24 saat uzun bir süreçtir!
Yaz tatilinden işim gereği Karacabey’e gelirken, komşum
olan müsteşar ağabeyim yakınen tanıdığım birine selam göndermişti.
Komşumun
selamını ilettiğim sırada fazla bir şey konuşamadık. Ardından eşinin de eşine selam ve sevgilerini
aktardım. Yine bir şey yok. İzin istedim ayrıldım. Çatrak’ta otobüs beklerken
bu tanıdığımda yolcu karşılamaya gelmiş. Müsteşarı nereden tanıdığımı
sorduğunda 1990 yılından beri yakın komşum olmakla beraber dostluğumuzun
sürdüğünü belirttim. Otobüse bindim yoluma devam ettim.
Aynı gün
deniz boyunda karşılaştık, küçük kızım yanlarında denize gelmiş. Hayırdır erken
gelmişsin diye şakalaştık. Arkadaşını sordu. Bende gayri ihtiyari sizin öyle
bir tanıdığınızın olduğunu sanmıyorum. Devamla sizleri sormadığı gibi bana bir
bardak çay bile ikram etmedi. Adınıza ve adıma çok üzüldüm.
Şöyle bir
ekleme yaptım: Bende birçok köyde ve okulda görev aldım. Çalıştığım yerlerden
birisi yanıma gelip selam sabah getirdiğinde bu şekilde hiç davranmadım. Hatta
geleni köyün nahırcısı (sığırtmacı) göndermiş bile olsa ilgilendim. Halini
hatırını sordum. Elimden geldiği kadar ikramda bulunmaya çalıştım.

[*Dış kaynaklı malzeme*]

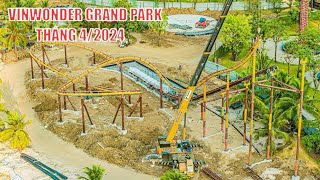 CẬP NHẬT TIẾN ĐỘ XÂY DỰNG VINWONDERS TẠI VINHOMES GRAND PARK THÁNG 42024 [upl. by Danzig318]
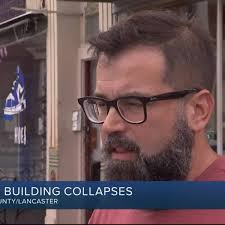 Part of building collapses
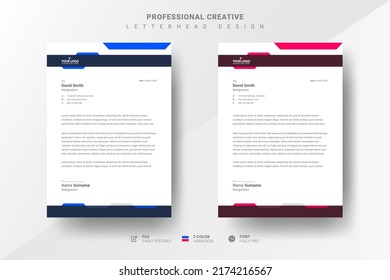 Professional Creative Letterhead Design Template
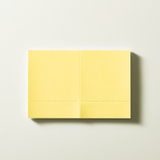 Two Forked Sticky Note - 3380 - Yellow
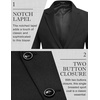 image:imageCOOFANDY Mens Blazer Casual Sport Coats Regular Fit Lightweight Suit JacketAblack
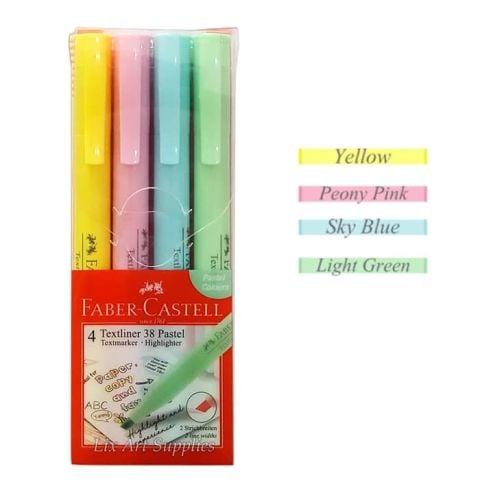 Faber Castell Fosforlu Kalem 38 Pastel 4lü Poşet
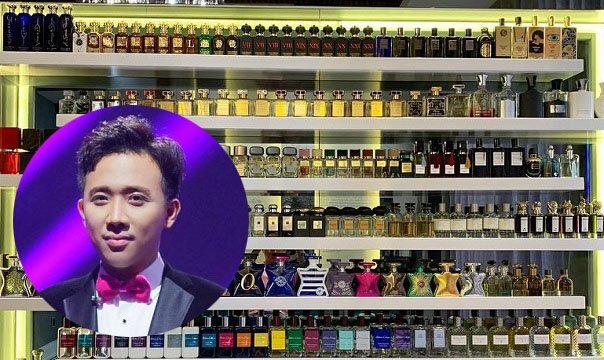 Choáng với bộ sưu tập hàng trăm chai nước hoa hàng hiệu đắt giá của Trấn Thành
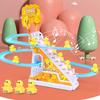 Light Music Track Duck Puzzle Toy Color Box Boys and Girls Children's Gift Piglet Climbing Stairs Electric Toys Interesting Handmade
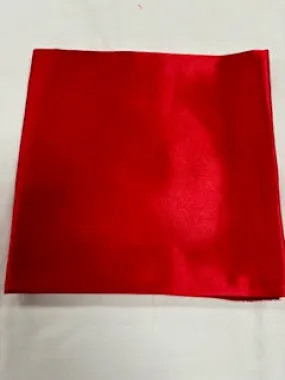 Sateen Scarf, Red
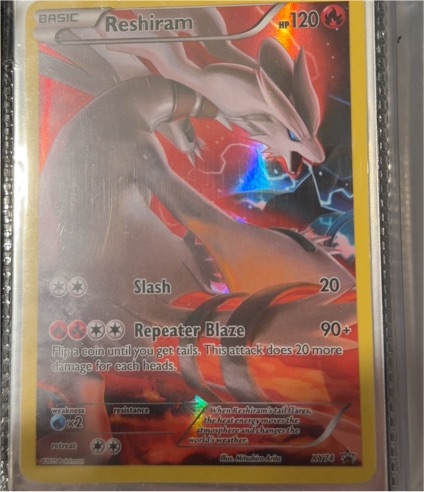 2015 Pokémon XY Black Star Promo #XY74 Reshiram — front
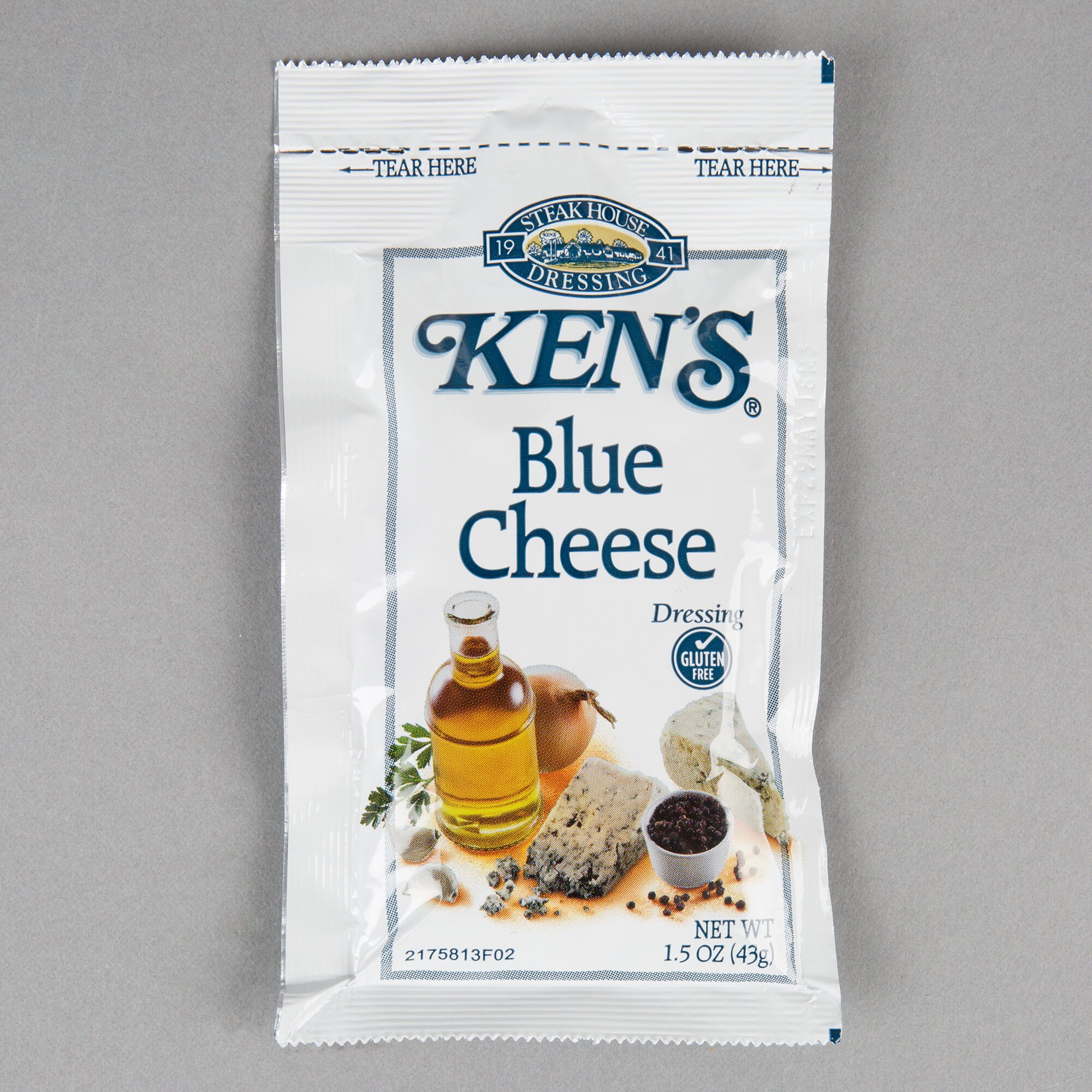 Ken's Foods 1.5 oz. Blue Cheese Dressing Packet 60/Case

Demek ki
benim bir nahırcı kadar değerim yok, seninde korucu kadar değerin yokmuş
diyerek konuşmamı bitirdim. İlginç şeyler anlattı. Ben oldukça şaşırdım. Tabiri
caiz ise içiğini cıcığını çıkardı.
En son
söyledikleri: Benim bu değerli kardeşimin çok güzel bir özdeyişi var. Türkiye
gibi ülkelerde 24 saatlik bir zaman süreci çok uzundur. Bu 24 saatlik süreçte
her şey olur, hiçbir şey aynen kalmaz. Onun için bu arkadaşı iyi izle bazen de
beni bilgilendir. Yaptığı güzel şeyleri paylaşayım.
Peki olur
derken ve babamın bir sözü ile bu durum çok çelişiyor şeklinde mırıldandım. Ne
gibi dediğinde, “aslı hu nesli hu” dediğimde kahkahayı patlattı.
Bunları
neye mi anlattım. Gerçekten dediği gibi çıkıyor. Çıkmaya da devam edecek. Şubat
ayından itibaren alacağımı sandığım bir sorumluluktan dolayı güzel şeyleri siz
okuyucularımla ve Karacabey halkı ile paylaşacağım. Bu güne kadar görüyordum ve
izliyordum ama tüzel bir sorumluluğum olmadığı için açıklayamıyordum. Eh artık
günü geldi sanıyorum.
Bu köşeden
ve açık mektup şeklinde ilginizi çekecek açıklamalar ve yazılar olacak.